We drop the features that are not considered to determine the similarity and the categorical features that are already converted into OHE vectors.

#discarding the categorical and unnecessary features 
spotify_features_df = spotify_features_df.drop('genre',axis = 1)
spotify_features_df = spotify_features_df.drop('artist_name', axis = 1)
spotify_features_df = spotify_features_df.drop('track_name', axis = 1)
spotify_features_df = spotify_features_df.drop('popularity',axis = 1)
spotify_features_df = spotify_features_df.drop('key', axis = 1)
spotify_features_df = spotify_features_df.drop('mode', axis = 1)
spotify_features_df = spotify_features_df.drop('time_signature', axis = 1)

#Appending the OHE columns of the categorical features
spotify_features_df = spotify_features_df.join(genre_OHE)
spotify_features_df = spotify_features_df.join(key_OHE)

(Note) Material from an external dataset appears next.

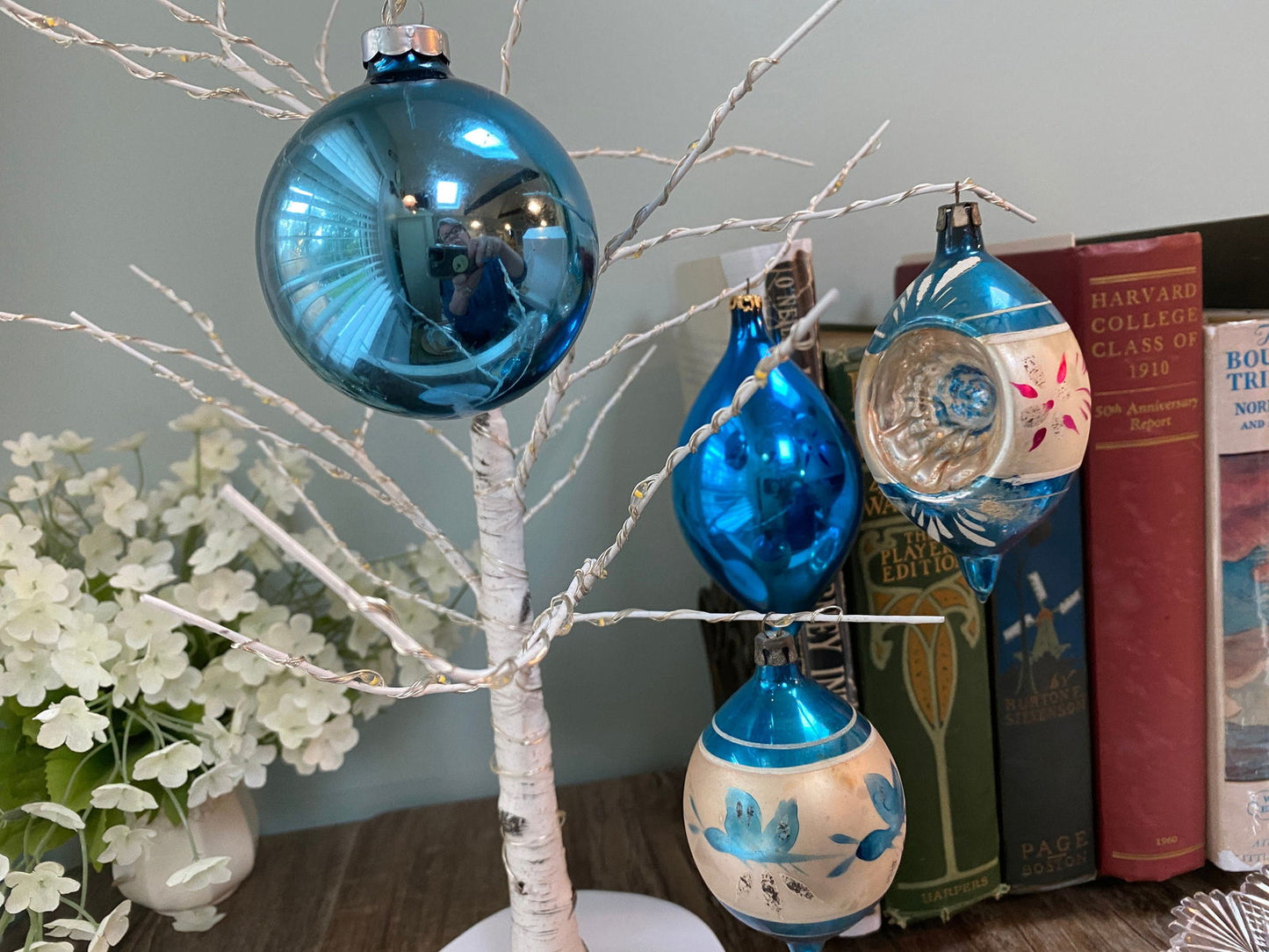 Midcentury Glass Blue Christmas Tree Ornaments - Duckwells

spotify_features_df.head()

snapshot

Connecting to Spotify Web API

In the next step, I will fetch my Spotify playlist data. To connect to the Spotify Web API, you will need a unique client id and a client secret key that I have already shown you how to generate.

client_id = #write yours 
client_secret= #write yours

In the cell below, you can see that I have used my localhost URL. This URL is used to validate the client. I have talked about this in the Spotify Web API section. Here we are storing our playlist details in a python dictionary.

#Fetching the playlist
scope = 'user-library-read'
token = util.prompt_for_user_token(
    scope, 
    client_id= client_id, 
    client_secret=client_secret, 
    redirect_uri='http://localhost:8881/callback'
  )
sp = spotipy.Spotify(auth=token)
playlist_dic = {}
playlist_cover_art = {}

for i in sp.current_user_playlists()['items']:
    playlist_dic[i['name']] = i['uri'].split(':')[2]
    playlist_cover_art[i['uri'].split(':')[2]] = i['images'][0]['url']

print(playlist_dic)

snapshot

The cell below contains the method which creates a new dataframe for our playlist using the Spotify song features dataset that we have downloaded from Kaggle.

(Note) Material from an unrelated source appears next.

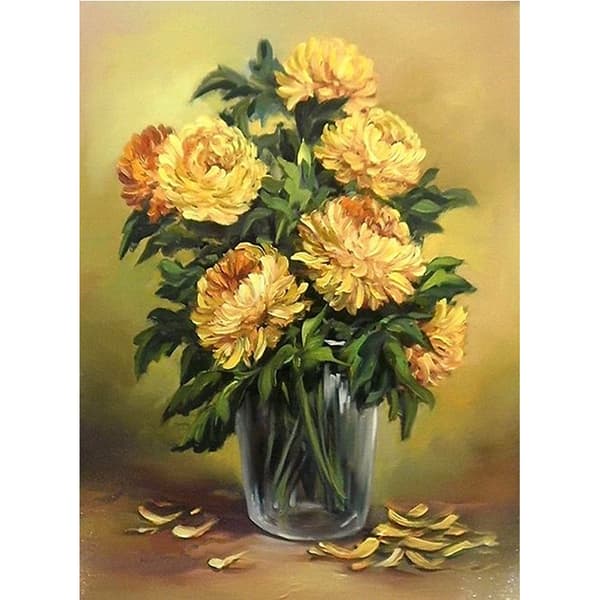 30x40 cm-15 5D Diamantmaling DIY Komplett, Blomsterkomposisjon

#creating the playlist dataframe with extended features using Spotify data
def generate_playlist_df(playlist_name, playlist_dic, spotify_data):
    
    playlist = pd.DataFrame()

    for i, j in enumerate(sp.playlist(playlist_dic[playlist_name])['tracks']['items']):
        playlist.loc[i, 'artist'] = j['track']['artists'][0]['name']
        playlist.loc[i, 'track_name'] = j['track']['name']
        playlist.loc[i, 'track_id'] = j['track']['id']
        playlist.loc[i, 'url'] = j['track']['album']['images'][1]['url']
        playlist.loc[i, 'date_added'] = j['added_at']

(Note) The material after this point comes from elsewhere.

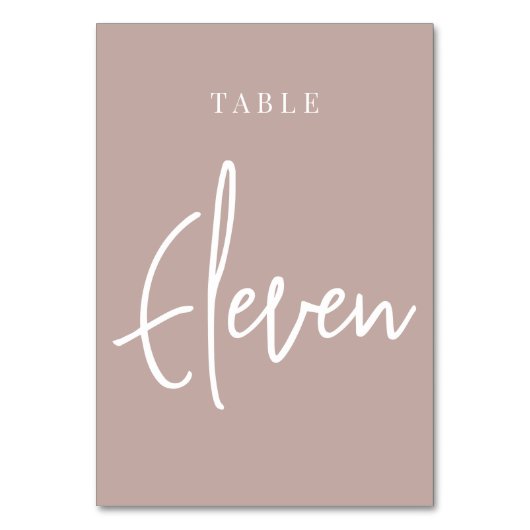 Roos Taupe Hand Scripted Table ELEVEN Kaart (Voorkant)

    playlist['date_added'] = pd.to_datetime(playlist['date_added'])  
    
    playlist = playlist[playlist['track_id'].isin(spotify_data['track_id'].values)].sort_values('date_added',ascending = False)

    return playlist
playlist_df = generate_playlist_df('MixedMood', playlist_dic, spotify_data)

playlist_df.head()

snapshot

The cell below is used to visualize the cover-art of the song tracks with the help of the Matplotlib library.

from skimage import io
import matplotlib.pyplot as plt

def visualize_cover_art(playlist_df):
    temp = playlist_df['url'].values
    plt.figure(figsize=(15,int(0.625 * len(temp))) , facecolor='#8cfc03')
    columns = 5
    
    for i, url in enumerate(temp):
        plt.subplot(len(temp) / columns + 1, columns, i + 1)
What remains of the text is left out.